Information shown below:
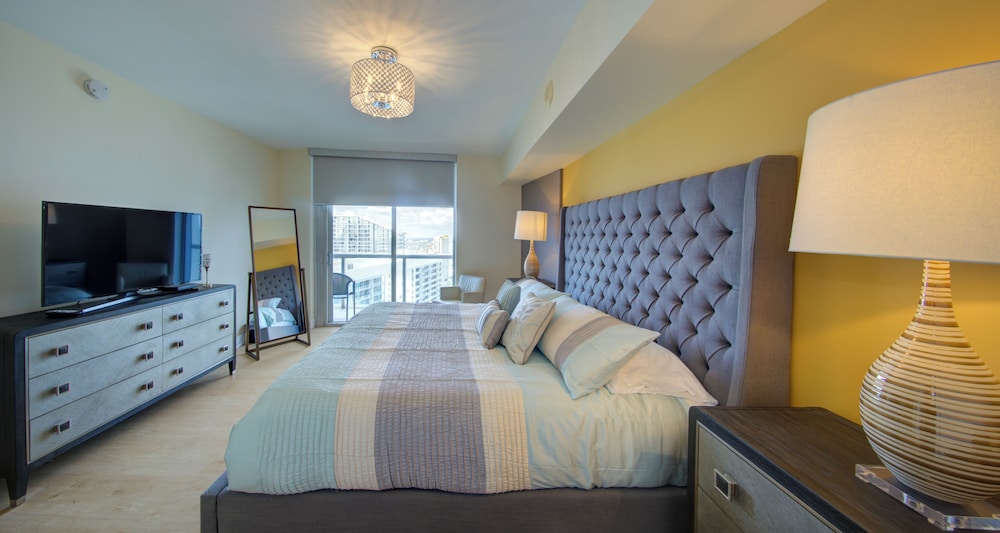 Boutique Apart, 1 King & Sofa Bed, Sauna, River/City Views, Balcony4606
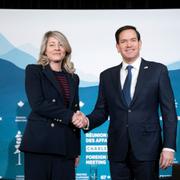 USA:s utrikesminister Marco Rubio med Kanadas utrikesminister Melanie Joly. Arkivbild.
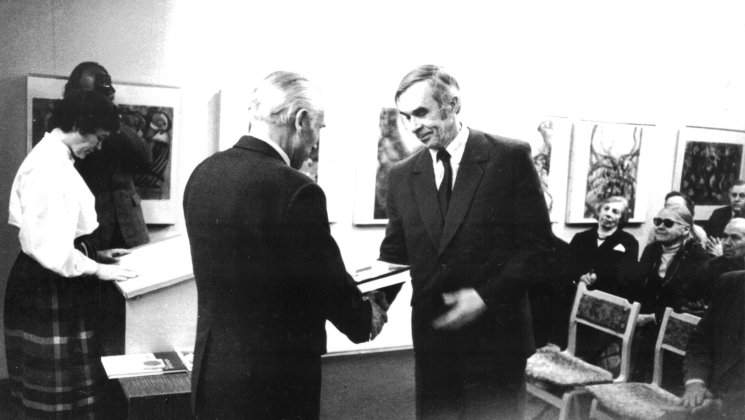Herbert Ligile antakse üle Kreurzwaldi mälestusmedal, Võrus 1988. aastal. Dr.KM F 302:4/n.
End of Information shown.
§ What to work on
Could you return the listing above exactly, minus its pictures?

§ Solution
 Boutique Apart, 1 King & Sofa Bed, Sauna, River/City Views, Balcony4606
 USA:s utrikesminister Marco Rubio med Kanadas utrikesminister Melanie Joly. Arkivbild.
Herbert Ligile antakse üle Kreurzwaldi mälestusmedal, Võrus 1988. aastal. Dr.KM F 302:4/n.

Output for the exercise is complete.